Capital inflows will tamp down interest rates, while fueling credit growth
As the government is keen on lowering the lending rate further from its current benchmark rates, a strong foreign inflow would be more than enough to lower short-term interest rates and keep medium and long-term interest rates stable at this low level.  Such a low interest rate environment is likely to be quite conducive to further credit growth. Indeed, we see credit playing a major role in creating 2018 growth; not only being supplemented by way of a more dovish monetary policy stance, but also in allowing banks to transition their loan structuring by expanding their retail loan books, which in turn pushes domestic consumption to grow even more.  As individual credit cycle is still in early stage, we see that the overall risk profile might be more manageable and diversified in the next one or two years.  

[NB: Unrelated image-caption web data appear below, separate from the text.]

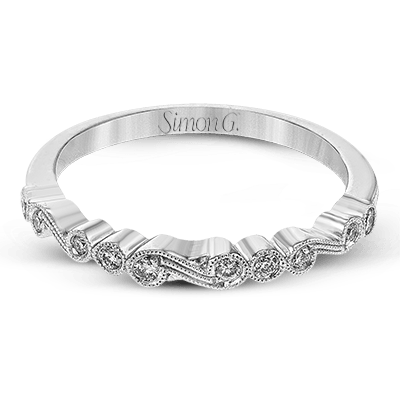 Right Hand Ring in 18k Gold with Diamonds
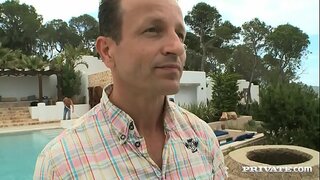 Amy Pori Kushughulika Na Mbili Majogoo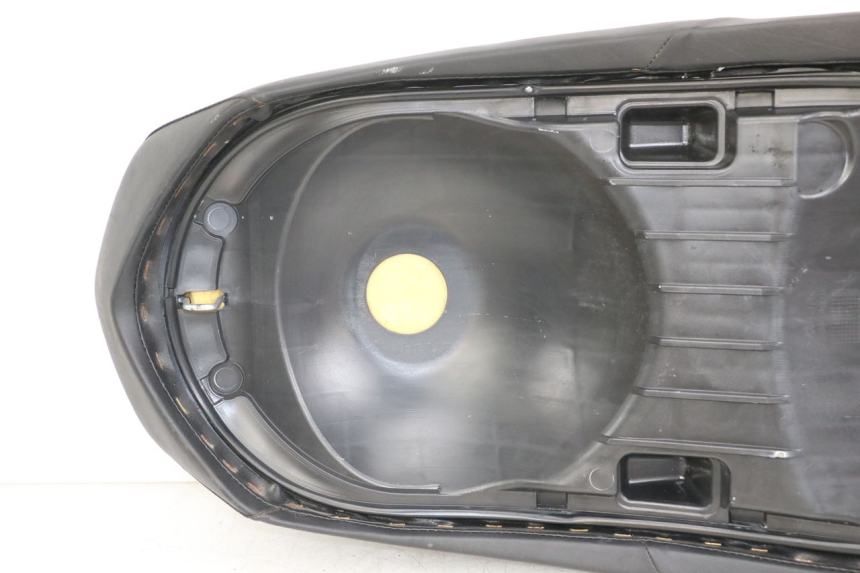 photo de SELLA PEUGEOT GEOPOLIS RS 125 (2007 - 2009) - Caratteristiche distintive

IPOs and divestments expected to free up resources for fiscal expansion
Given the wave of IPOs and divestments which started in 2017, the government’s fiscal balance is expected to be on ease in the next 3 years, freeing its hands for more flexibility in fiscal policy and project implementation. The proceeds from the Saigon Beer Alcohol Beverage Corporation (SAB – HOSE) deal that came in during the last days of 2017 is an example of a significant burden lifted from the fiscal budget, as it is equal to 44% of the total expected proceeds from SOE divestment as detailed in the 2016-2020 plan for medium term public investment. This frees up resources for the government to act in regards to public investment, which has been comparatively lacking vs. expectations in the last 2 years.  

Banking system clean-up process on a realistic path, helping capital-raising activities to accelerate
The banking reform roadmap for 2016-2020 stipulates 2017-2018 to be the deadline for the sector’s legal framework, kick off of Basel II across 10 commercial banks, SOE divestment from banks, and VAMC chartered capital rising to $5 trillion ($ 220 mn). For 2019-2020, Basel II compliance is to be implemented across 12-15 banks (standardized approach compliance), with all bank CAR ratios over Basel II prescribed levels. By then the VAMC will have a chartered capital of VND 10 trillion, and will need to complete the full resolution of its purchased bad debt. Banking system NPLs (including bad debt sold to the VAMC and restructured debt) need to be lower than 3%. (Please note that the IMF estimated that this NPL was 8.4% at the end of 2016).

For 2018 specifically, we see 10 banks who have to comply with the Basel II deadline will start preparing for raising capital, including: Bank for Investment and Development of Vietnam JSC. (BID – HOSE), Vietnam Joint Stock Commercial Bank for Industry and Trade (CTG – HOSE), JSC Bank for Foreign Trade of Vietnam (VCB – HOSE), Vietnam Technological and Commercial Joint- stock Bank (TCB – OTC), Asia Commercial Joint Stock Bank (ACB – HNX), Vietnam Prosperity Joint-Stock Commercial Bank (VPB – HOSE), Military Commercial Joint Stock Bank (MBB – HOSE), Maritime Bank, Sai Gon Thuong Tin Commercial Joint Stock Bank (STB – HOSE), and Vietnam International Commercial Joint Stock Bank (VIB – OTC). Our estimate for 14 State-owned Commercial Banks and Joint Stock Commercial Banks to raise further capital in 2018 is set at $3.8 bn USD.   

We believe that Resolution 42 and the revised Banking Law will be the key tools to effect real change in order to clean up bank balance sheets in 2018-2020, which in turn will be useful for those banks who need to raise more capital.